The enum LibraryComponentName provides all B components that are supported by the synthesis backend. Constructing a BLibrary object provides an empty library considerings the default configuration. We thus have to state that we want to use a specific library of components only and add the desired components using their names. For instance, we want to create a component library using an integer addition and subtraction:

BLibrary lib = new BLibrary();
lib.setUseDefaultLibrary(false);
lib.addLibraryComponent(LibraryComponentName.ADD);
lib.addLibraryComponent(LibraryComponentName.MINUS);

A BLibrary object can be passed as the third argument for synthesizePredicate() and synthesizeOperation() respectively.

The employed synthesis technique is based on constraint solving and, thus, each component has a unique output within a synthesized program.
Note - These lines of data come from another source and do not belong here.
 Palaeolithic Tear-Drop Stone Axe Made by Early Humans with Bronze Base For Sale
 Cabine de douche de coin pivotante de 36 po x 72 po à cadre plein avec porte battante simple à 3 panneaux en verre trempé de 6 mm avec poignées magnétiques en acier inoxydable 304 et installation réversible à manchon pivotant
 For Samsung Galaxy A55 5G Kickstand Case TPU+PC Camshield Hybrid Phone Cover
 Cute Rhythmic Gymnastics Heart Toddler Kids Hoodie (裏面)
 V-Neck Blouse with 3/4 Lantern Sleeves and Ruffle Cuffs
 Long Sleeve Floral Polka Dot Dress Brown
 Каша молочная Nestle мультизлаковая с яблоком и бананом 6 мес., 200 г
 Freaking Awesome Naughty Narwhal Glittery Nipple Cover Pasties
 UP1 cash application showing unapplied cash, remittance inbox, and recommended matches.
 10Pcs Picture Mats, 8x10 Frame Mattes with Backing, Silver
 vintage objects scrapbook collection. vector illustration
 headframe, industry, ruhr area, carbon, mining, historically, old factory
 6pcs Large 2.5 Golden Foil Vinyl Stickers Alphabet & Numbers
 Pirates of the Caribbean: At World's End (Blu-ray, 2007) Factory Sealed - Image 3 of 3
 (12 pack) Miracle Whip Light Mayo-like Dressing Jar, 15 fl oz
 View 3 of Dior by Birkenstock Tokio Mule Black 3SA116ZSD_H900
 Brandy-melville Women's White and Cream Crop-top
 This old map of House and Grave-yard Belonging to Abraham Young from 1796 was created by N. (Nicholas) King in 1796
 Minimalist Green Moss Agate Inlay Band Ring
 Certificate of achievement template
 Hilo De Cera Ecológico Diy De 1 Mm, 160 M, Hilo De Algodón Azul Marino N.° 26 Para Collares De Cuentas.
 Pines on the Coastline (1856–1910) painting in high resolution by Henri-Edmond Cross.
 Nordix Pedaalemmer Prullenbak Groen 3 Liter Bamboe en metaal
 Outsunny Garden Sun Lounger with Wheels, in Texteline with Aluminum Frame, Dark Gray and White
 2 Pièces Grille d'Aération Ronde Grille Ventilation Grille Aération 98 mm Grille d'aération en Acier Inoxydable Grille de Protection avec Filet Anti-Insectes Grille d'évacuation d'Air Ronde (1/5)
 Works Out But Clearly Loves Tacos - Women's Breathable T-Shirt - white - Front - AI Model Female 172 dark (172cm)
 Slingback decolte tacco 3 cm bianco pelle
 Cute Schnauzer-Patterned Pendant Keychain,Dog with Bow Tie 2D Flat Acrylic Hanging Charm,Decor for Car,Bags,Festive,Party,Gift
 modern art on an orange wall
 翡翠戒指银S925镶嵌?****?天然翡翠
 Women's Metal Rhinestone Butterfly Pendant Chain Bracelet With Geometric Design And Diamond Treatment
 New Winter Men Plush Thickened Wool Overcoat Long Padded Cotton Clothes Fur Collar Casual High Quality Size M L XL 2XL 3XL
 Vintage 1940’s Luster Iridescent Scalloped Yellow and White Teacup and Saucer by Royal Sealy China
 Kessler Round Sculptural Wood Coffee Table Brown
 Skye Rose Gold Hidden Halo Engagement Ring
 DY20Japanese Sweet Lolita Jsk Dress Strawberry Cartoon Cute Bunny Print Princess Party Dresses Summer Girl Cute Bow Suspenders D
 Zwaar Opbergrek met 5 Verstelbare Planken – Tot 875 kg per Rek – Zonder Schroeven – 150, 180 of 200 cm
For instance, to synthesize the predicate "x + y + z > 2" we need two addition components. There are three ways to adapt the amount how often a specific component should be considered: * Use addLibraryComponent(LibraryComponentName) several times. * Use updateComponentAmount(LibraryComponentName,AddAmount) adding the second argument to the amount of the specific component. * Use setComponentAmount(LibraryComponentName,Amount) explicitly setting a component’s amount. Moreover, one can define whether synthesis should consider constants that have to be enumerated by the solver by using the method setEnumerateConstants(). If is false, only constants that are in the scope of the currently loaded machine are considered. For instance, if the current machine does not define any integer constant and we want to synthesize a predicate "x + 1 > y" the constraint solver needs to enumerate an integer constant to the value of 1 to achieve the desired behavior. If synthesizing an operation, one can further define whether if-statements should be considered during synthesis represented by the enum ConsiderIfType. There are three possibilities: * NONE: Do not consider if-statements. * EXPLICIT: Use explicit if-then-else expressions as supported by ProB (this might be slow depending on the problem at hand). * IMPLICIT: Do not use explicit if-statements but possibly synthesize several machine operations with appropriate preconditions instead (semantically equivalent to using explicit if-statements in a single machine operation).

Appendix

Additional Literature

[1] D. Hansen and M. Leuschel, “Translating TLA+ to B for Validation with ProB,” in Proceedings iFM’2012, Jun. 2012, pp. 24–38.

[2] D. R. Prasanna, Dependency Injection, 1st ed. Greenwich, CT, USA: Manning Publications Co., 2009.


1. In classical B we get the outermost precondition.